Hedgehog;1225589 said:


> I live in Masssachusetts were there isnt too many places to ride but have access to a place in Lincoln ME. I have been thinking about selling the plow off my truck and buying a used ATV or UTV to plow my driveway and take trail riding. I have used a ATV before to plow and to me, it works better than the plow on my truck because of manuverability. With that said if you could only own one, which would it be, a ATV or UTV for plowing and trail riding?


I just plowed about 3" of snow with about a 1/2" of sleet, freezing rain, and rain mixed in. Took me about 2 hours to do what I usually do in 1 hour.

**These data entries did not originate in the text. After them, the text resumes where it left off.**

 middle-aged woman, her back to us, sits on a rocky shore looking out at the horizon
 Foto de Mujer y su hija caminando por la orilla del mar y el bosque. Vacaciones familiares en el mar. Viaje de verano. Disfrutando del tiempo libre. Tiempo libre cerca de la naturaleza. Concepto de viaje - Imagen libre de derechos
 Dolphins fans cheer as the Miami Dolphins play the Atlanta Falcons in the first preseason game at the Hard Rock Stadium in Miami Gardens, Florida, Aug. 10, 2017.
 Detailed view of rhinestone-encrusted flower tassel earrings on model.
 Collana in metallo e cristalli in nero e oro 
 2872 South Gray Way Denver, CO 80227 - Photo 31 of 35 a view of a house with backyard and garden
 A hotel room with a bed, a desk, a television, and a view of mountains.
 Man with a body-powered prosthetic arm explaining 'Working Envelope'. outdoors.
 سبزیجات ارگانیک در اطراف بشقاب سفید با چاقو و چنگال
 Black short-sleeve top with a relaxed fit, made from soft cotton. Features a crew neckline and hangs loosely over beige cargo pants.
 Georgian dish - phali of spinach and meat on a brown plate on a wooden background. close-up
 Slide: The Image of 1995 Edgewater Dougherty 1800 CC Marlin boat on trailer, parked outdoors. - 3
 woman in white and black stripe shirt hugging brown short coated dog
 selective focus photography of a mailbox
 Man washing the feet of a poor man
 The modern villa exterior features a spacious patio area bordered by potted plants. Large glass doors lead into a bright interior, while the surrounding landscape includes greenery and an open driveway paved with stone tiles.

I could have done it in about 15 minutes with a truck... wish I had a truck with a plow. 

Of course, I wouldn't be able to take the truck on the trials we ride when this white crap is all gone.


----------



## carkey351 (Oct 18, 2010)

depends on how much money you got -if I remember right a new UTV starts at something like 10,000 where you can get a new ATV for like 7,000 up... UTV can probably push more, but is less maneuverable to a degree. I would get what you like better and be happy with it. a UTV usually has a cab or at least the provisions for it, which when its windy would be nice.


----------



## ctplower1322 (Nov 22, 2010)

I love plowing with my atv, i find that the utvs for the most part can push the same amount of snow and their bigger so you loose out on the maneuverability. Also there are plenty of places to ride in MA, i don't know what part of the state your from but I ride there about once a month on public trail systems.


----------



## Hedgehog (Nov 18, 2006)

I live in the southeast part of Massachusetts. There isnt any legal ATV riding east of the Berkeshire's. Its a damn shame, they charge you 6 1/2% sales tax on these, then charge you $40 to register and the only riding is close to 3 hours away. If I ever buy another, I will buy is New Hampshire ,register in NH & ride it in NH since its closer. Mass. can kiss my a** on the sales tax until they give us a place to use them.


----------



## ctplower1322 (Nov 22, 2010)

Ahh I see, I ride all within the Berkshires, Pittsfield, October Mtn, Tolland, and Beartown state forests as well as all of the gas lines and power lines. I also have a buddy with a house up in VT and the trails up there are never ending.


----------



## atv4wheeler (Feb 1, 2011)

One of my best friends lives in CT. and if you think we have it bad in MA. you ain't seen nothing yet. Imagine ZERO places to ride an ATV legally. My friend has a buddy who is a local DEP officer and they have a small riding group that goes out at night in a forest in Glastonbury. Funny, even the DEP officer rides illegally. That's how bad it is.


----------



## IPLOWSNO (Oct 11, 2008)

as cool as a utv would be i would think i would be faster on a quad, that and my back probably couldn't take the beating


----------



## jim331656 (Dec 29, 2010)

An atv will get you in some tight spots and move tons of snow. I think would keep the truck plow if I were leaning UTV.


----------